Should I Adopt an Old Cat or Not? Why?

If you plan to adopt a cat, the first thing you need to decide is whether you will adopt a kitten or an older cat. This is a very important decision, and it isn’t one that should be made lightly.

Before you decide, you should understand the pros and cons of adopting a senior cat. This will give you the information that you need to determine the age of the cat that would be a better fit for your family.


Reasons Why You Should Adopt a Senior Cat

There are a few reasons why an adult cat could be the best fit for your family.

  • Lower energy level

Senior cats are much calmer and more relaxed than kittens. You won’t need to worry about a senior cat jumping up on the drapes and pulling them down. You also won’t need to worry about your cat jumping on the table or counter and knocking everything down. Senior cats are happy relaxing in your home and cuddling up against you.

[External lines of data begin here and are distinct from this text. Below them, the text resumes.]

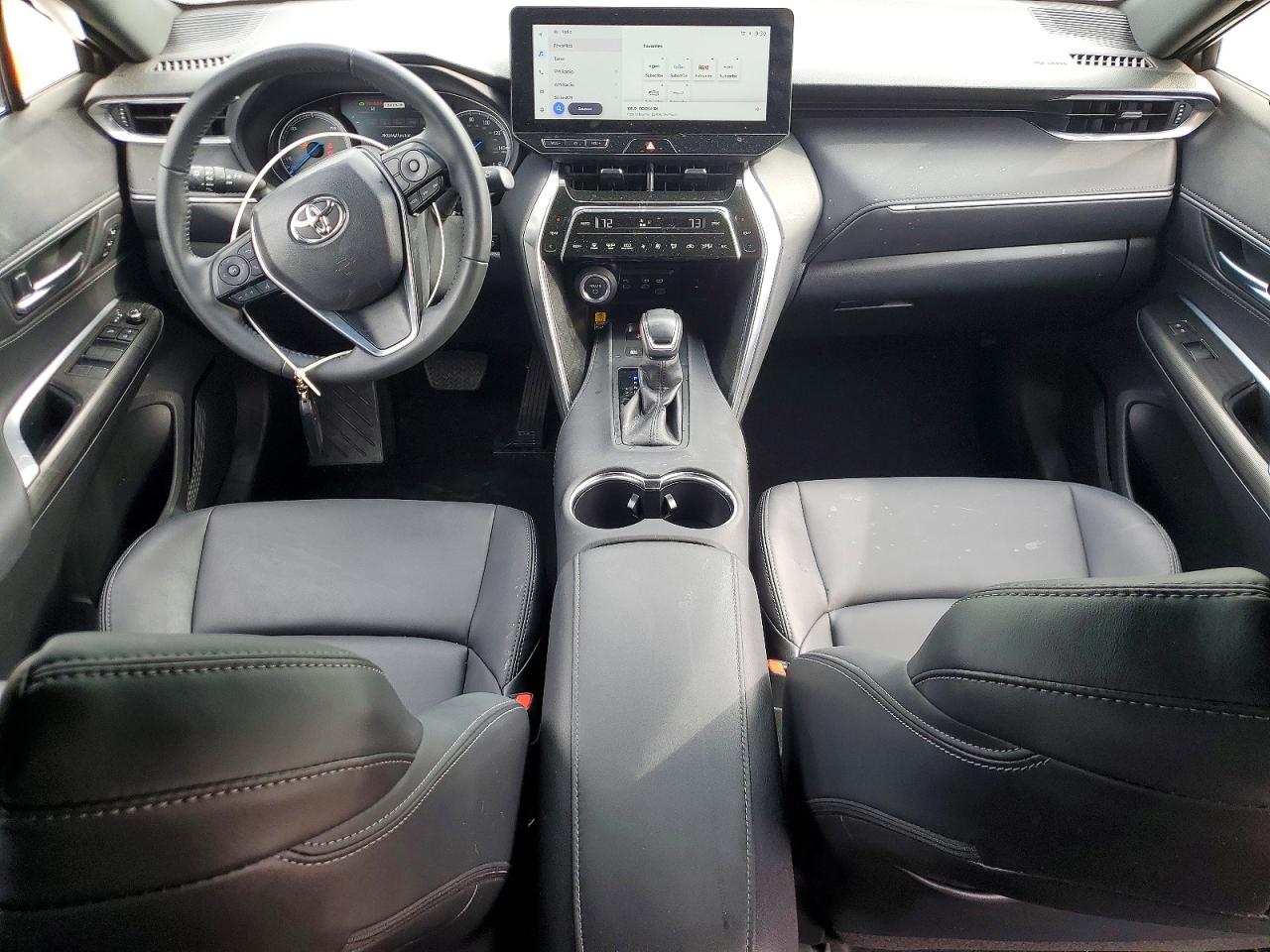 2023 TOYOTA VENZA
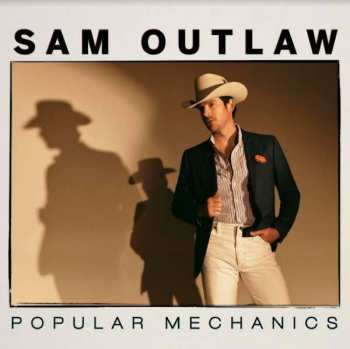 CD Sam Outlaw: Popular Mechanics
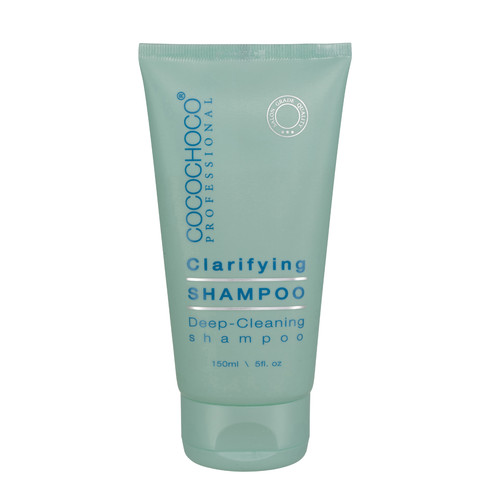 Cocochoco clarifying shampoo - cocochoco,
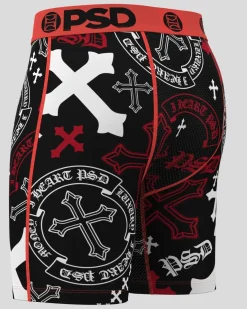 PSD Sinner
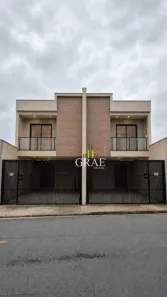 Sobrado com 3 Quartos à venda, 176m² no Assunção, São Bernardo do Campo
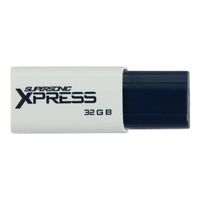 CLE USB PATRIOT Cle USB 3.0 Supersonic Xpress - 8 Go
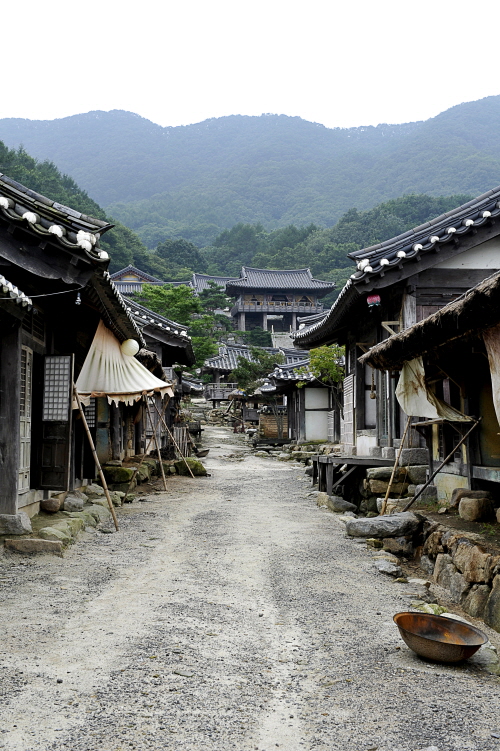 Dae Jang Geum Park (용인 대장금 파크)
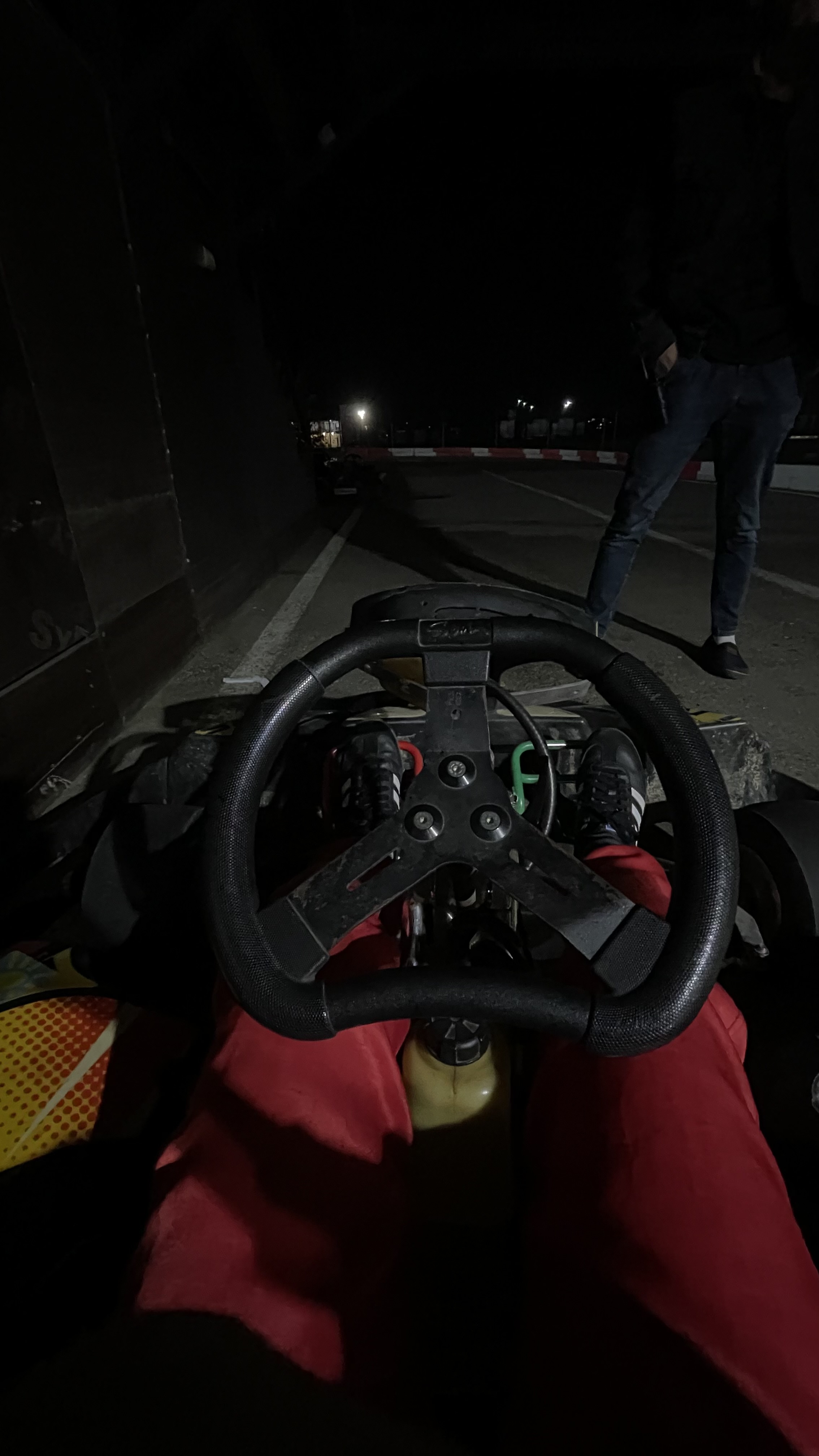 karting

  • Established personality

If you adopt a kitten, you have no idea how it will behave when it gets older. You won’t know if the kitten doesn’t like children or other animals until it is too late. Senior cats are already set in their ways. Their personality has developed, and the previous owner can let you know everything about the cat’s personality before you take it home. This will prevent unwanted surprises a month or a year down the road.

  • Lower cost

Adopting an older cat can be less expensive than a kitten, which may be surprising. Most older cats have already been spayed or neutered, and they will have already had the necessary vaccines as a kitten. All you would need to do when you get your senior cat is pay for the annual booster shots. If you plan to adopt a cat from a shelter, they may be willing to waive the adoption fee if you choose a senior cat.

  • Life experience

Senior cats have life experience. This makes them more tolerant of other animals and young children. Also, older cats are more independent than kittens, and they won’t need as much attention.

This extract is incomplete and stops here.